🤖 AI Summary
To address case backlogs in Swiss courts, this paper proposes a multilingual legal precedent criticality prediction method to support intelligent prioritization of pending cases. Methodologically, we design an algorithm-driven, two-tier automatic annotation framework: (1) a binary “Leading Decision” label, and (2) a fine-grained ranking label integrating citation frequency and time-decay weighting. We conduct supervised fine-tuning on multilingual foundation models—including XLM-R and mBERT—to circumvent the bottleneck of manual annotation. Our contributions are twofold: first, we empirically demonstrate—within a multilingual legal domain—that fine-tuned smaller models significantly outperform larger zero-shot models; second, we validate the pivotal role of high-quality, domain-specific training data for professional NLP tasks. On the Criticality Prediction dataset, fine-tuned models achieve substantially higher F1 scores and ranking metrics compared to zero-shot baselines.
📝 Abstract
Many court systems are overwhelmed all over the world, leading to huge backlogs of pending cases. Effective triage systems, like those in emergency rooms, could ensure proper prioritization of open cases, optimizing time and resource allocation in the court system. In this work, we introduce the Criticality Prediction dataset, a novel resource for evaluating case prioritization.

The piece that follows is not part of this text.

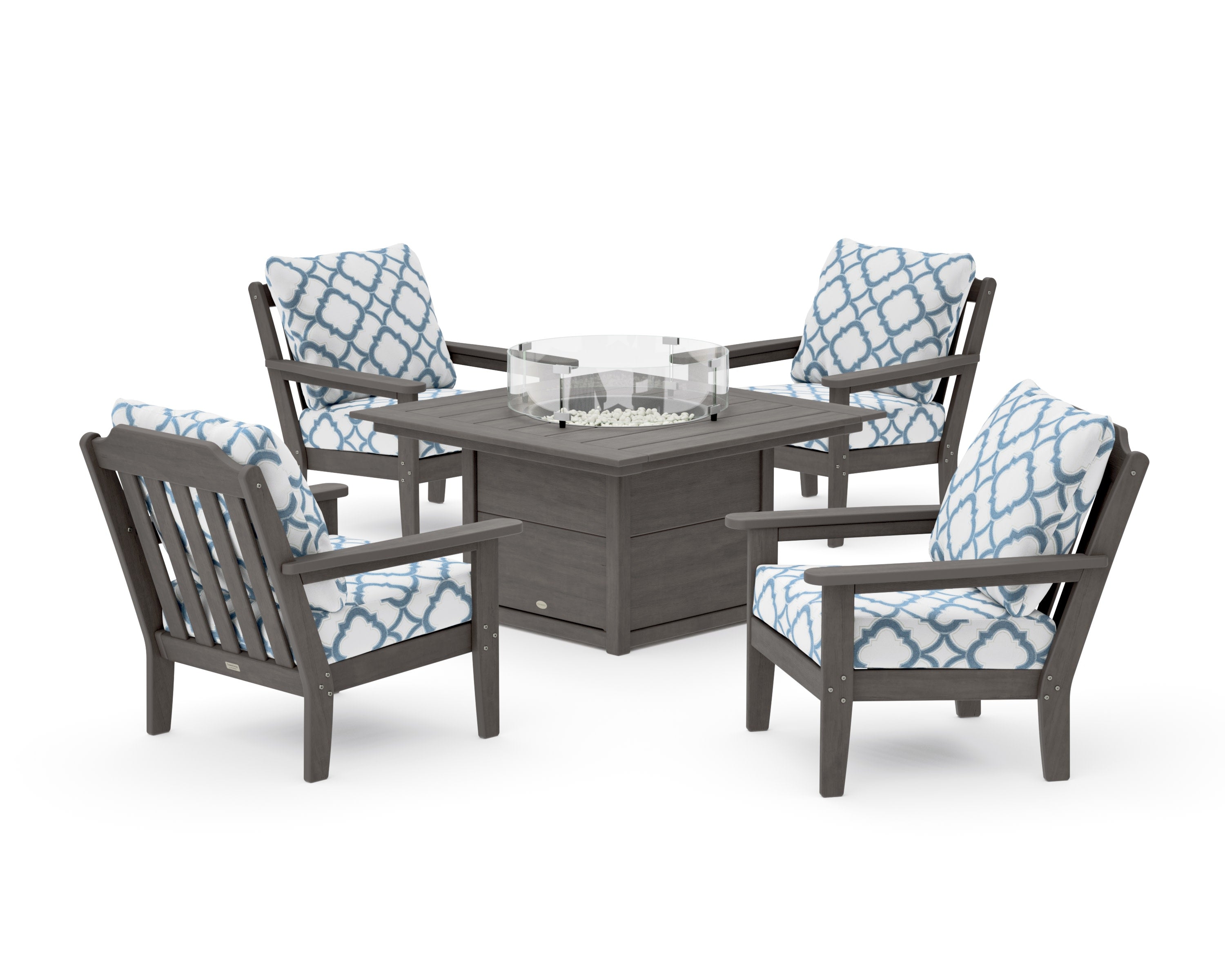 Cottage 5-Piece Deep Seating Set with Fire Pit Table in Driftwood / Trellis Sky Blue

Our dataset features a two-tier labeling system: (1) the binary LD-Label, identifying cases published as Leading Decisions (LD), and (2) the more granular Citation-Label, ranking cases by their citation frequency and recency, allowing for a more nuanced evaluation. Unlike existing approaches that rely on resource-intensive manual annotations, we algorithmically derive labels leading to a much larger dataset than otherwise possible. We evaluate several multilingual models, including both smaller fine-tuned models and large language models in a zero-shot setting. Our results show that the fine-tuned models consistently outperform their larger counterparts, thanks to our large training set. Our results highlight that for highly domain-specific tasks like ours, large training sets are still valuable.